In Youngblood, the defendant was convicted in Texas state court of aggravated sexual abuse, and the jury imposed punishment of life imprisonment and a fine of $10,000.53 In his state habeas petition, the defendant argued that the Texas Code of Criminal Procedure did not authorize a fine in addition to a term of imprisonment for his offense, and therefore, under the TCCA's decision in Bogany v. State,54 the verdict was void, and he was entitled to a new trial.55 The state district court granted the petition, but before it reached the TCCA, a new Texas statute became effective which allowed an appellate court to reform improper verdicts without remanding the case for a new trial.56 The TCCA applied this statute to the defendant and denied the writ.57
The United States Supreme Court held that the TCCA's retroactive application of the Texas statute did not violate the Ex Post Facto Clause.58 The Court initially listed all four of Calder's categories of ex post facto laws.59 Later in its opinion, however, the Court subsequently endorsed an alternative definition of ex post facto laws from Beazell v. Ohio,60 a prior Supreme Court decision, which omits Calder's fourth category.61 The Court reasoned that the Texas statute was not an ex post facto law under Beazell because it did not "punish as a crime an act previously committed, which was innocent when done; nor make more burdensome the punishment for a crime, after its commission; nor deprive one charged with crime of any defense available according to law at the time when the act was committed."62 The Court expressly acknowledged that "[t]he Beazell definition omits the reference by Justice Chase in Calder v. Bull [internal citation omitted] to alterations in the `legal rules of evidence.'"63 The Court then stated that Calder's fourth category "was not intended to prohibit the application of new evidentiary rules in trials for crimes committed before the changes."64 The Court concluded that "the Beazell formulation is faithful to our best knowledge of the original understanding of the Ex Post Facto Clause."65
Moreover, in overruling two other Supreme Court cases, Kring v. Missouri66 and Thompson v.

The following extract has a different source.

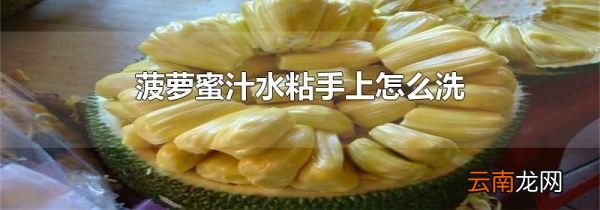 菠萝蜜汁水粘手上怎么洗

Utah,67 the Youngblood Court emphasized that not all laws that "alter the situation of a party to his disadvantage" or "deprive him of a substantial right involved in his liberty" violate the Ex Post Facto Clause.68 In Kring, the Court held that the legislative abolition of a law that provided that a defendant's plea of guilty to second-degree murder, once accepted, served as an acquittal of the charge of first-degree murder violated the Ex Post Facto Clause as applied to the defendant.69 Overruling Kring, the Youngblood Court reasoned that the change "was not one related to the definition of the crime, but was based on the law regulating the effect of guilty pleas."70 The Youngblood Court continued:
Missouri had not changed any of the elements of the crime of murder, or the matters which might be pleaded as an excuse or justification for the conduct underlying such a charge; it had changed its law respecting the effect of a guilty plea to a lesser included offense.71
The Youngblood Court also overruled Thompson, which held that a change in the number of jurors could be applied retroactively without offending the Ex Post Facto Clause.72 The Youngblood Court reasoned that although "the right to a jury trial is obviously a `substantial' one, ... it has [nothing] to do with the definition of crimes, defenses, or punishments, which is the concern of the Ex Post Facto Clause."73
Youngblood, therefore, cast the viability of Calder's fourth category in doubt by endorsing the Beazell definition of ex post facto laws. Furthermore, in overruling Kring and Thompson, the Youngblood Court signaled that not all retroactive procedural changes-even those that affect a defendant's substantial rights-will implicate the Ex Post Facto Clause.74
Petitioners rely on Carmell v. Texas,75 in which the Court invalidated the TCCA's retroactive application of legislation that changed the amount of testimony required to convict a sex offender.76 The new Texas statute at issue in Carmell authorized conviction of certain sex offenses based on the victim's testimony alone, whereas the previous statute required corroborating evidence as well.77 The Court held that the new statute constituted an impermissible ex post facto law.78
Petitioners reliance on Carmell is misplaced, however. To succeed on their habeas petitions, petitioners must demonstrate that the TCCA's application of the new limitations rule to them contradicted clearly established Supreme Court law at the time of the TCCA's decision.79 Carmell was decided after the TCCA rendered its decision in this case and, therefore, may not properly be considered a part of "clearly established" Supreme Court law at the time of the TCCA's decision.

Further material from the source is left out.